▸ Task details
When you transcribe the listing that follows, keep every line exact and omit the pictures.

▸ Data section
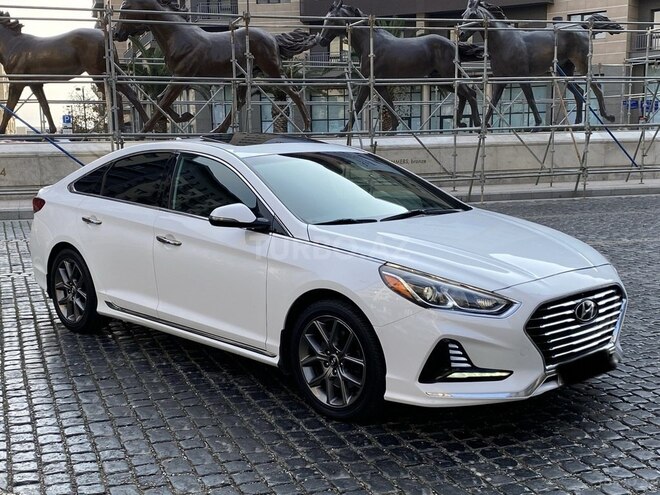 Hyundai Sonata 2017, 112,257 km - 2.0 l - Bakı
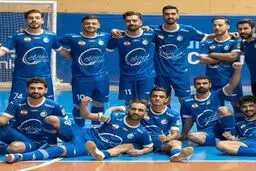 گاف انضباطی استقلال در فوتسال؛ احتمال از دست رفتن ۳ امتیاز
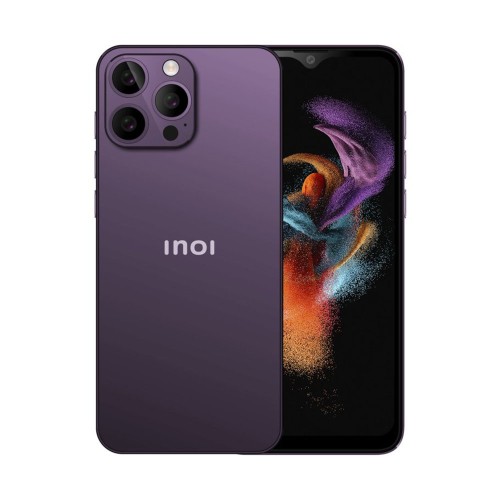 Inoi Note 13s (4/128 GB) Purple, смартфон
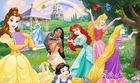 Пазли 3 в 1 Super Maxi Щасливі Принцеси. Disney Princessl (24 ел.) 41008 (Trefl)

▸ Result of this exercise
 Hyundai Sonata 2017, 112,257 km - 2.0 l - Bakı
 گاف انضباطی استقلال در فوتسال؛ احتمال از دست رفتن ۳ امتیاز
 Inoi Note 13s (4/128 GB) Purple, смартфон
 Пазли 3 в 1 Super Maxi Щасливі Принцеси. Disney Princessl (24 ел.) 41008 (Trefl)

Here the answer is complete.